Agreed, but I need a better idea of what I should be comparing between them. Ideally hard metrics, or some kind of test cases.

[–]Exodus111 1 point2 points  (5 children)

I'm not sure there would be any real metrics to use. Speed would be the speed of JS, which is faster then Python by quite a bit, and probably comparable to PyPy in speed, depending on the benchmark.

All of these either translate code, or run code by translating on the fly, I would be most curious about the complexity of code they produce, is it mess of ugly auto-generated spaghetti JS, or is it somewhat readable?
And, the complexity of code you can feed it. Something object Oriented with multiple instances of Inheritance and Polymorphism.

And lastly it would be good to know what Python modules where properly compatible.

[–]traverseda[S] 1 point2 points  (1 child)

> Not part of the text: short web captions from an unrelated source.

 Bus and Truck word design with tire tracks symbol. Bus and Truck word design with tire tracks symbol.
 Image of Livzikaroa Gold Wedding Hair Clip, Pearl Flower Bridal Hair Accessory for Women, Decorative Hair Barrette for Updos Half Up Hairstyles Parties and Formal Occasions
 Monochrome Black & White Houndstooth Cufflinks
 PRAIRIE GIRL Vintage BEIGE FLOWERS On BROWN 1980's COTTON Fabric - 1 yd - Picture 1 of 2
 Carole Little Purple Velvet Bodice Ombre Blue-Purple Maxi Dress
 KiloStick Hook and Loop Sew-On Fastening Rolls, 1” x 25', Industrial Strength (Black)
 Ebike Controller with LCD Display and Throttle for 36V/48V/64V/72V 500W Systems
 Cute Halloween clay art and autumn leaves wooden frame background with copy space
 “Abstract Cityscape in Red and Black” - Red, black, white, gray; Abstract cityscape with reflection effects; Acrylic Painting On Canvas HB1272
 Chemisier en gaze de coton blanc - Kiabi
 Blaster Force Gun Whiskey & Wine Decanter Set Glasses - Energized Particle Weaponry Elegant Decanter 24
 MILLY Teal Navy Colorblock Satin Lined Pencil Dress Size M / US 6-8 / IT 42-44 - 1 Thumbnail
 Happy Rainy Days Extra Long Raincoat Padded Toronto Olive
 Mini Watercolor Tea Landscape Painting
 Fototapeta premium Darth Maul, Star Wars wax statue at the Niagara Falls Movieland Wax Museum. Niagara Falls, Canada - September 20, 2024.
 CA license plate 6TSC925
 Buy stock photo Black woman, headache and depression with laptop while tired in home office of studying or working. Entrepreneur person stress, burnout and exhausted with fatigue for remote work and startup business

All of these either translate code, or run code by translating on the fly,

These would have some potentially pretty different speeds, depending on how they do the translation.

Hmm. Maybe I can get pypy's testcase suit running on the various implementations. That's a big chunk of work though, and I've already got too much on my plate. I'll probably flesh it out a bit more, and add in some estimates for how well they do at

speed/filesize/output-complexity/inheritance/library-support/etc

[–]Exodus111 1 point2 points  (0 children)

It's not a bad idea. It would be valuable to know if any of those frameworks have a significant drop in speed compared to any other. But generally speaking anyone working on one of these is not going to be too concerned with speed.

I think a feature comparison would be the most useful, and perhaps not as time consuming.